**Directions for this task:** Where the data below contains pictures, omit them; output the rest word for word.

**Material provided:**
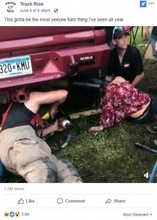 トラックの排気口に頭を突っ込んだ女性を襲った悲劇と幸運（米）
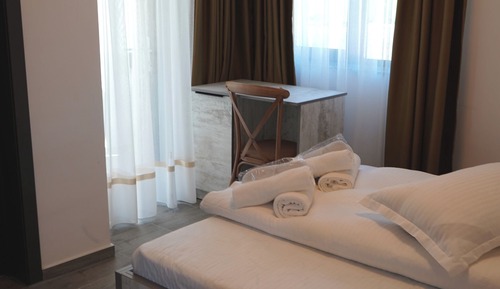 Classic Double Room, Balcony, Mountain View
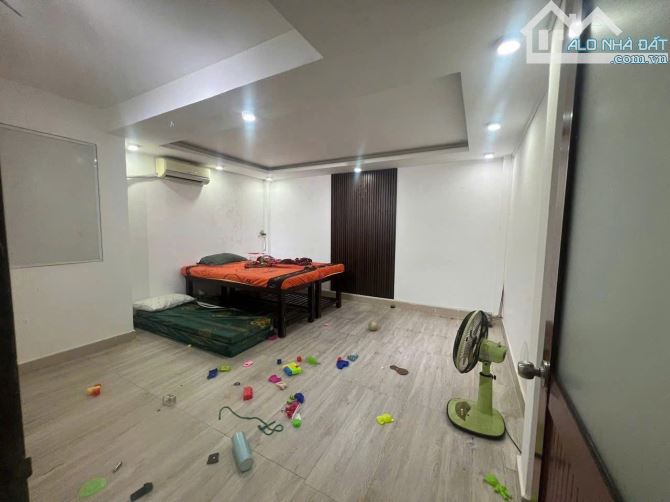 Cho thuê nhà 3 tầng mặt tiền Hải Phòng , Thanh Khê - 4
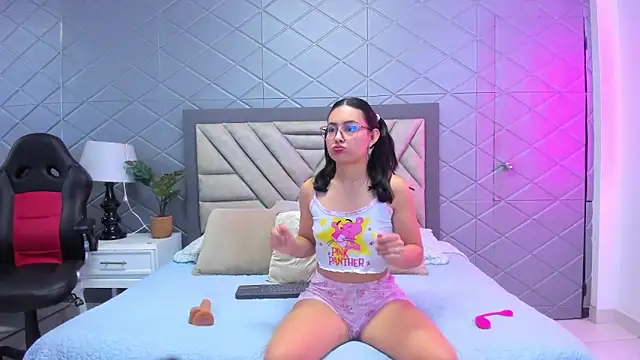 VioletRousse  online show from March 2025 12:47:01 PM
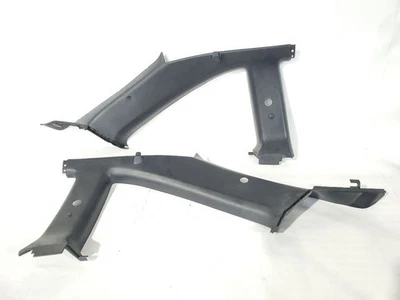 Nissan 240SX 1995 OEM par de molduras de cuarto de ventana 2401570f01 Foto 1 de 4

**Problem solution:**
 トラックの排気口に頭を突っ込んだ女性を襲った悲劇と幸運（米）
 Classic Double Room, Balcony, Mountain View
 Cho thuê nhà 3 tầng mặt tiền Hải Phòng , Thanh Khê - 4
 VioletRousse  online show from March 2025 12:47:01 PM
 Nissan 240SX 1995 OEM par de molduras de cuarto de ventana 2401570f01 Foto 1 de 4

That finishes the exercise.